[Ocfs2-devel] [PATCH 00/11] ocfs2: implement userspace clustering interface

Wed Feb 1 06:27:18 CST 2006

On 2006-01-10T11:08:47, Mark Fasheh <mark.fasheh at oracle.com> wrote:

> > We don't have working user-space code for integrating with the new OCFS2
> > interface by Jeff yet :-( However, we've been working together to make
> > sure the interface is "right" for us to use - the good thing about the
> > new API is that in theory it can be driven from shell scripts for
> > testing w/no cluster involved at all ;-)
> Ok. Personally I'd like to see the beginnings of that before pushing your
> patch into our tree, but I think we're still at the early stages of review
> anyway.

Actually, I like forgot to post this here. I'm cross-posting to
linux-ha-dev for comments, too.

I'll once again summarize the approach we're taking for supporting
OCFS2; it falls apart into several steps:

1.) We allow the heartbeat groups to be controlled by, well,
heartbeat/CRM via a "clone" Resource Agent, and then perform
mounts/unmounts. o2cb is still used in this scheme to populate the node
tree. This implements the top/down approach - CRM controls OCFS2 mounts
completely - and is a pre-requisite to the next steps. All OCFS2 mounts
have to be configured in the CRM XML configuration like other
filesystems too.

(This step is coded; I'll go into it after the overview.)
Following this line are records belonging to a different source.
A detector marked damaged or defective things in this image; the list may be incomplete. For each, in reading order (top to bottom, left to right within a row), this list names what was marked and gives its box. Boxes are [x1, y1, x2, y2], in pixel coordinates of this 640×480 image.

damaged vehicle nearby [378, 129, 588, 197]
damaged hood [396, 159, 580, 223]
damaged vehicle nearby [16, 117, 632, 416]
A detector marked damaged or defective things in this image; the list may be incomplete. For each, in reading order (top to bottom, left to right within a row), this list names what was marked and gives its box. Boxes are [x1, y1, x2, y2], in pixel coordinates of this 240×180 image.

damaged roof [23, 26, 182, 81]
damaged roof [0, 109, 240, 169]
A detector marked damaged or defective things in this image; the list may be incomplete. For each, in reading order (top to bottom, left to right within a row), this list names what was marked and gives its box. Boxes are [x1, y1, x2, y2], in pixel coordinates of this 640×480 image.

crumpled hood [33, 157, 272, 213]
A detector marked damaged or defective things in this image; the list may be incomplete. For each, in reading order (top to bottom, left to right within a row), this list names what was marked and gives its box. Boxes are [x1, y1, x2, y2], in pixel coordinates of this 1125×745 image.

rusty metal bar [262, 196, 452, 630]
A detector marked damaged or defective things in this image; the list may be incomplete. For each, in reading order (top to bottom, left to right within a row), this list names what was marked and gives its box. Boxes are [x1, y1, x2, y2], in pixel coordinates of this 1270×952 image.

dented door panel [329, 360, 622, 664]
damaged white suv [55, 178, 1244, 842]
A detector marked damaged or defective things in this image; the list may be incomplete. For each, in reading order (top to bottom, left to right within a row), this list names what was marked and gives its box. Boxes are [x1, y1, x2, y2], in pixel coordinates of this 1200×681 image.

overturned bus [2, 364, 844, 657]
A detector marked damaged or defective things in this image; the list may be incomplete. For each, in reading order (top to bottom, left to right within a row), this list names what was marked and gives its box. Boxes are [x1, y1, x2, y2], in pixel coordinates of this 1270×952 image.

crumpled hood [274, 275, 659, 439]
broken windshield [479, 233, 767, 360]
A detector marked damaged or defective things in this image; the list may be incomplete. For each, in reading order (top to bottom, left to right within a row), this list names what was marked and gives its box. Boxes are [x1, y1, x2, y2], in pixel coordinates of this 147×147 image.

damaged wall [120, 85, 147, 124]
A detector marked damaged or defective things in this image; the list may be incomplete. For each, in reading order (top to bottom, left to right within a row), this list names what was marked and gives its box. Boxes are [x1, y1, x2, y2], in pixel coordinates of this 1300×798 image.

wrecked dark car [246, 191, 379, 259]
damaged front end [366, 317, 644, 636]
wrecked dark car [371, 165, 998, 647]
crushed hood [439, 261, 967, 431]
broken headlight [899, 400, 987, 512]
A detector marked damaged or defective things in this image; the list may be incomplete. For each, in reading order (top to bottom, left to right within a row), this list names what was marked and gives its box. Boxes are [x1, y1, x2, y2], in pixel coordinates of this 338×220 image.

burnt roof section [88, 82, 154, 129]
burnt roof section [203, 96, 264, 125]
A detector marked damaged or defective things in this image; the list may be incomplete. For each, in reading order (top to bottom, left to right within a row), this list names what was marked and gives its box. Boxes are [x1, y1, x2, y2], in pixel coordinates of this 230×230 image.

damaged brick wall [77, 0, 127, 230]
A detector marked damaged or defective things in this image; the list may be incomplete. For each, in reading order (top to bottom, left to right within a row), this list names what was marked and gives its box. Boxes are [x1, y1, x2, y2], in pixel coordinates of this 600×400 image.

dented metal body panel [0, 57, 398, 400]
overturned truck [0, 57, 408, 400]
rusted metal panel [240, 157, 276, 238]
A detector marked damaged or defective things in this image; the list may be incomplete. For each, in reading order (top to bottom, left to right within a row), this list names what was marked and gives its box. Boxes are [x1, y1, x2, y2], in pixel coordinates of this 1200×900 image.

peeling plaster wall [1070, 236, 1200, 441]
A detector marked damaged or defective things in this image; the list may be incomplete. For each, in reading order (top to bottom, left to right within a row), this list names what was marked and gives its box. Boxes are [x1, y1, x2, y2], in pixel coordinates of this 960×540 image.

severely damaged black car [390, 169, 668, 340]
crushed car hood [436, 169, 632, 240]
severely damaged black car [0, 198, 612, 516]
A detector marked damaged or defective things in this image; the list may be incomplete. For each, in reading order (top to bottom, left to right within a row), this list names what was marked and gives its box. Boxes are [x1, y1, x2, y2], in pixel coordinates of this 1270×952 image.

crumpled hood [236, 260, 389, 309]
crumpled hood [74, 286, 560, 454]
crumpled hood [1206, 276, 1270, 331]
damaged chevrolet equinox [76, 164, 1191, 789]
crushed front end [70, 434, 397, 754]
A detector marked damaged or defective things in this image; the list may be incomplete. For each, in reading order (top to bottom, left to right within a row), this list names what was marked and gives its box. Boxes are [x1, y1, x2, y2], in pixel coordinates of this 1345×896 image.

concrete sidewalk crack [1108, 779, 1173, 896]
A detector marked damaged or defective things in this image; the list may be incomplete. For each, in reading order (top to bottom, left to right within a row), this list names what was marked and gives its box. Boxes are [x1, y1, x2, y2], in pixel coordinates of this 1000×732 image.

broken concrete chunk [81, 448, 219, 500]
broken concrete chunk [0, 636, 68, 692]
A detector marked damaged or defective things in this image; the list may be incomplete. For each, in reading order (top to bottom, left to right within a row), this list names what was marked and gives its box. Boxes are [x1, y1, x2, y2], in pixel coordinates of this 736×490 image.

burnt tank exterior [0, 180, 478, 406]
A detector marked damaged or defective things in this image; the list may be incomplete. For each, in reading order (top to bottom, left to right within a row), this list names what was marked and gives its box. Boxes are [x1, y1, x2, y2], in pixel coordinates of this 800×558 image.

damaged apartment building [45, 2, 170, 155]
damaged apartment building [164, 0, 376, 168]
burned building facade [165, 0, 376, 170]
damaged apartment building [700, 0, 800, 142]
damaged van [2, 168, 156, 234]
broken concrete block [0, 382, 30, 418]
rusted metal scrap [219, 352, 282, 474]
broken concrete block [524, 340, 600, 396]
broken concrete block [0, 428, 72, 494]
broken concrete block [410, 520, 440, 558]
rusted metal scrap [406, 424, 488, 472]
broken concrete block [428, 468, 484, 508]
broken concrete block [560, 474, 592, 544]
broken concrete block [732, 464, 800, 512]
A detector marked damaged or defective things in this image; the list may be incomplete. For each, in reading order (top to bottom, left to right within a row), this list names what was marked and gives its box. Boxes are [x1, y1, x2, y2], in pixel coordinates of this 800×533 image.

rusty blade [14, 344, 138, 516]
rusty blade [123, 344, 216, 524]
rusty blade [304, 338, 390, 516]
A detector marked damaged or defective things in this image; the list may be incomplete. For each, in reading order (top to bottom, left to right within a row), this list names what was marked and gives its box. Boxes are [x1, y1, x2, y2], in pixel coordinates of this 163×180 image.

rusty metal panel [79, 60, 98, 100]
1.5.) We have noticed that we want to restructure some calling
conventions of the Resource Agents for this case (amazing what you
notice when you actually go and _implement_ some grand design! ;-). But
this doesn't affect the general mechanism at all and is just mentioned
for completeness.


2.) "o2cb" is replaced; we auto-discover the IPs of participating nodes
and populate the node tree automatically as required. This removes the
need to configure & sync anything outside hb2 for OCFS2. Well; except
for calling mkfs once, somewhere.

(The filesystem will have to be told which NIC / label to use as part of
the configuration, though, but that's easy.)

3.) We hook into mount/umount so that when the admin issues such a manual
command for OCFS2, we call into the CRM and either instantiate an OCFS2
locally or umount it (and stop anything on top, if needed, at least if
invoked with -f).

4.) Follows logically from 3.: When the admin tries to mount a
filesystem which we don't know about yet (fsid not in our
configuration), we create the required object from a default template,
and then proceed as above. At this stage, mkfs/mount/umount will provide
the complete look & feel of a regular filesystem.


Further options we might then explore, mostly optimizations:

5.) Right now, the OCFS2 is driven via the regular Resource Agent
mechanism. That implies calling (exec) out to an external agent;
ultimately, I'd like to have a "fast" RA interface talking to a
pre-loaded plugin for efficiency. Again this is mostly an internal
optimization and doesn't really affect the overall design.

6.) Right now, OCFS2's node manager only allows a single cluster. We've
briefly toyed with the thought of having several, which then could use
independent network links for example for performance. Not sure whether
this is useful at all.


Going back to how step 1 is implemented now.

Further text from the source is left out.